Burt Pines, City Atty., Ward G. McConnell and Sherman W. Smith, Jr., Deputy City Attys., for defendant and respondent.

TOBRINER, Acting Chief Justice.

In 1972, the City of Los Angeles enacted a municipal ordinance regulating the size, weight, appearance and placement of new racks installed and maintained on the city's sidewalks. 1 Three years later, after a number of its newsracks had been removed from their sidewalk locations pursuant to the provisions of the ordinance, plaintiff Kash Enterprises, Inc. instituted an action for declaratory and injunctive relief, attacking the ordinance as unconstitutional on its face and contending that the ordinance had been discriminatorily enforced against newsracks containing newspapers which Kash had published and distributed. Kash thereafter moved for a preliminary injunction, relying solely on its constitutional challenge to the ordinance's facial validity, and reserving the discriminatory enforcement issue for a subsequent trial. After a hearing, the trial court denied the requested preliminary injunction, and plaintiff now appeals from that order.

Plaintiff contends that the challenged ordinance is unconstitutional on its face in two respects. First, plaintiff asserts that a number of the substantive provisions of the ordinance, limiting the placement and appearance of newsracks, are impermissibly vague and overbroad. Second, plaintiff maintains that the principal enforcement mechanism provided by the ordinance--the summary seizure, retention and destruction of offending newsracks without according a newsrack owner any hearing as to the validity of the seizure--violates both procedural due process and First Amendment principles. As we explain, although we have determined that the substantive provisions of the ordinance--as written or as interpreted in this opinion--are sufficiently definite and narrowly drawn to pass constitutional muster, we conclude that the ordinance's seizure provision is unconstitutional on its face. Accordingly, we conclude that the trial court erred in refusing to grant a preliminary injunction as to that portion of the ordinance authorizing such seizure, retention and destruction of newsracks. 1. The substantive provisions of the challenged ordinance, as interpreted in this opinion, are sufficiently definite and narrowly drawn to constitute reasonable 'time, place and manner' regulations of First Amendment activity, and therefore such provisions are not unconstitutional on their face.

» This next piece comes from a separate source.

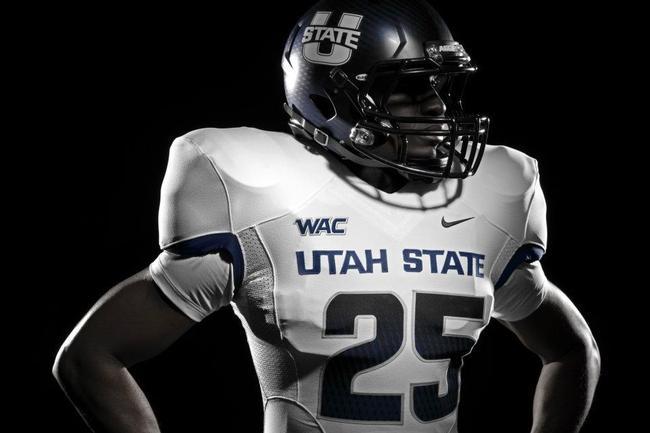 utahwhitwithdarkhelm_crop_650.jpg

In evaluating the constitutionality of section 42.00, subdivisions (f)(1) to (f)(6) of the Los Angeles Municipal Code, 2 the municipal newsrack regulations at issue here, we must begin by recognizing that the right to distribute newspapers and other periodicals on the public streets lies at the heart of our constitutional guarantees of freedom of speech and freedom of the press. As both the United States Supreme Court and this court have emphasized on numerous occasions: 'Wherever the title of streets and parks may rest, they have immemorially been held in trust for the use of the public and, time out of mind, have been used for the purpose of assembly, communicating thoughts between citizens, and discussing public questions.' (Hague v. C.i.o. (1939) 307 U.S. 496, 515, 59 S.Ct. 954, 964, 83 L.Ed. 1423.)

Moreover, our decisions have repeatedly recognized that First Amendment protection extends not only to traditional street corner, soap-box speeches (see, e.g., Terminiello v. Chicago (1949) 337 U.S. 1, 69 S.Ct. 894, 93 L.Ed. 1131), but to virtually all modes of communication that may be utilized to disseminate ideas and protected expression on the public streets. Thus, past cases have found that demonstrations and parades (Dillon v. Municipal Court (1971) 4 Cal.3d 860, 94 Cal.Rptr. 777, 484 P.2d 945), picketing (Police Department of Chicago v. Mosley (1972) 408 U.S. 92, 92 S.Ct. 2286, 33 L.Ed.2d 212), leafletting (Schneider v. State (1939) 308 U.S. 147, 60 S.Ct. 146, 84 L.Ed. 155), sound truck broadcasts (Wollam v. City of Palm Springs (1963) 59 Cal.2d 276, 29 Cal.Rptr. 1, 379 P.2d 481) and even the posting of signs on public utility poles (Dulaney v. Municipal Court (1974) 11 Cal.3d 77, 112 Cal.Rptr. 777, 520 P.2d 1) fall 'within the protective umbrella of the First Amendment.' (Id., at p. 84, 112 Cal.Rptr. at p. 782, 520 P.2d at p. 6.)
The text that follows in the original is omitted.